To find the probability generating function of the sum of two independent random variables $X$ and $Y$, we can simply multiply together their individual PGFs.
That is, we have:
$$ P_{X+Y}(z) = P_X(z)P_Y(z) $$
So, the PGF of the sum is the product of the individual PGFs.
This is also the ordinary generating function of the convolution of the two sequences giving probabilities for $X$ and $Y$.
This happens because when we consider the events that $X+Y=n$, we consider all combinations of $X=x$ and $Y=y$ with $x+y=n$; whereas when we find the coefficient of $z^n$ in $P_X(z)P_Y(z)$, we take one term from each of $P_X(z)$ and $P_Y(z)$ whose powers also add up to $n$.

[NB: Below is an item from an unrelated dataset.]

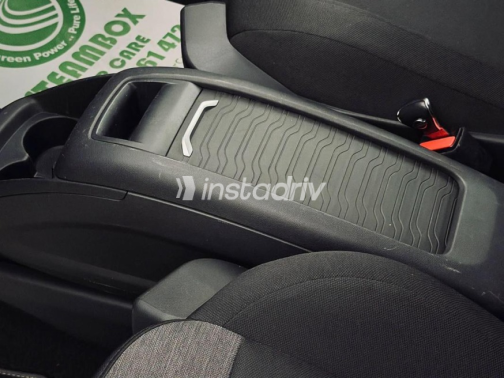 Citroën C4 Grand Picasso 2019 Gray Automatic Used for Sale in Maadi - 10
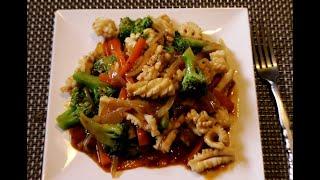 Hot spicy & sweet stir fried squid with broccoli--easy to score the squid!（鱿鱼炒西兰花）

Explicitly, we define our first sequence as:
$$ p_0 = \mathbb{P}(X=0), \ p_1 = \mathbb{P}(X=1), \ p_2 = \mathbb{P}(X=2), \dots $$
and our second sequence as:
$$ q_0 = \mathbb{P}(Y=0), \ q_1 = \mathbb{P}(Y=1), \ q_2 = \mathbb{P}(Y=2), \dots $$
Then we have:
$$ P_X(z)P_Y(z) = (p_0 + p_1 z + p_2 z^2 + \dots)(q_0 + q_1 z + q_2 z^2 + \dots)$$
$$ = p_0q_0 + (p_0q_1+p_1q_0)z+(p_0q_2+p_1q_1+p_2q_0)z^2 \dots = P_{X+Y}(z)$$
An especially common situation in statistics is that we have $n$ random variables $X_1, X_2, \dots , X_n$, all independent and with the same distribution.
If these $X_i$ are discrete and non-negative, then since they each have the same PMF, they will all have the same PGF, $P_X$. Moreover, extending the above result, we can find the PGF of their sum:
$$ P_{X_1+…+X_n}(z) = \left(P_X(z) \right)^n$$